Skip to content

[NNX] Clean up transient intermediates at setup#4274

Open
xibinliu wants to merge 1 commit into
mainfrom
xibin/nnx_intermediates
Open

[NNX] Clean up transient intermediates at setup#4274
xibinliu wants to merge 1 commit into
mainfrom
xibin/nnx_intermediates

Conversation

@xibinliu

@xibinliu xibinliu commented Jun 25, 2026

Copy link
Copy Markdown
Collaborator

Description

nnx.Intermediate in meshed sharding caused two errors:

  • llama3_1_70b_131072_fp8_4x4x4:

    • During model creation, maybe_quantize_model calls qwix.quantize_model(...) which runs a live forward pass on a dummy input of shape, and hidden_states is Sowed: Because num_vocab_tiling: 4 is set, this dummy pass calls self.sow(nnx.Intermediate, "hidden_states", ...) under decoder. This registers hidden_states as an intermediate variable under model.decoder inside state_mesh_shardings.
    • The PyTree Mismatch: At runtime, train_step pops and discards nnx.Intermediate variables before returning.
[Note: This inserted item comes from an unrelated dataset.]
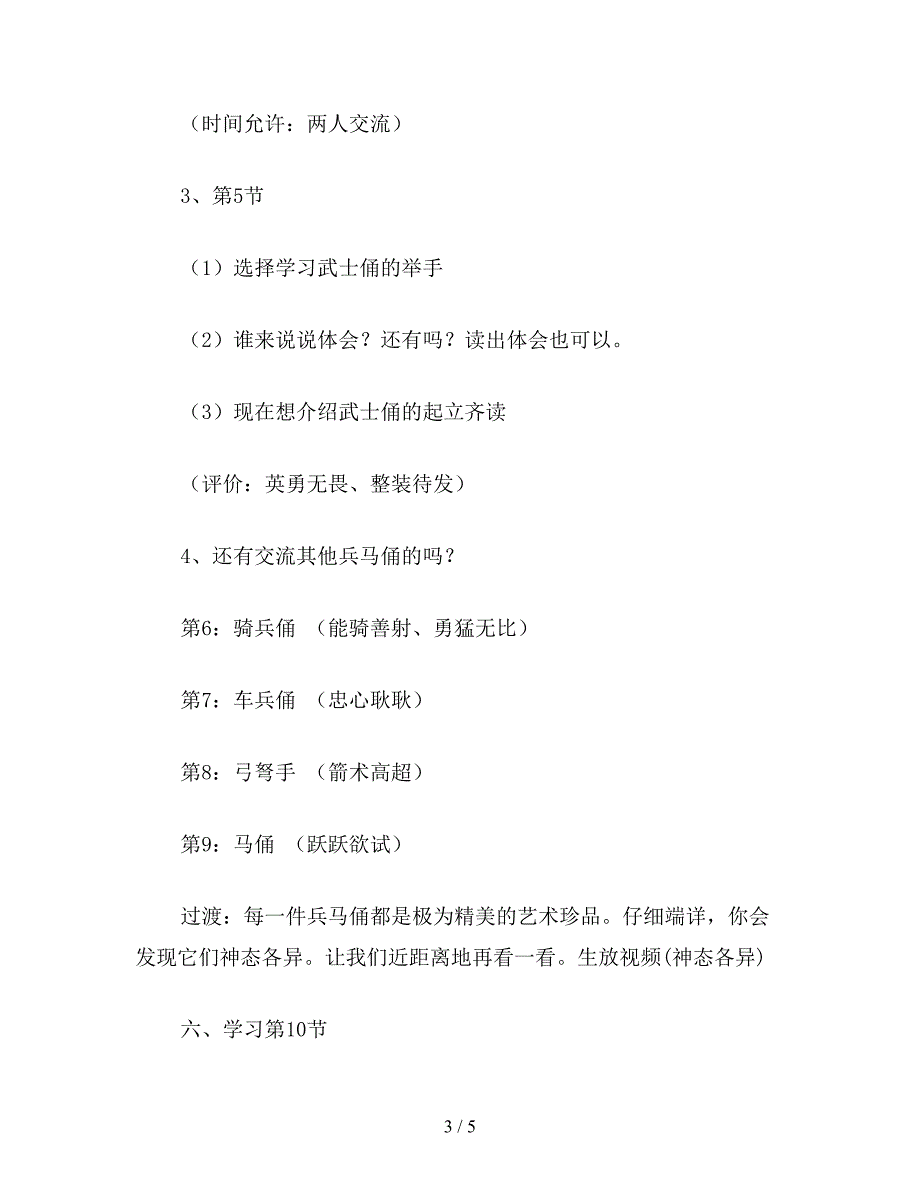 【教育资料】苏教版六年级语文下册：-《秦兵马俑》第二课时教学设计1.doc_第3页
Because JAX expects hidden_states under decoder in out_shardings (since it was present during setup) but the returned state lacks it, compilation fails with the ValueError mismatch.
  • llama3_1_70b_131072_fp8_4x8x8:

    • This workload executes the same qwix.quantize_model(...) dummy pass at initialization, which registers the sowed hidden_states under decoder. However, because this is run on a 4×8×8 topology (256 chips = 512 JAX devices), it results sowed hidden_states activation has a massive shape of bf16[64, 131072, 8192], and JAX's initialization JIT compilation (jax.jit(init_state_partial)) crashes with the XLA RET_CHECK failure at the very beginning of setup

Changes:

This change cleans up transient variables sowed during model creation/tracing from the persistent sharding state and checkpoint layout.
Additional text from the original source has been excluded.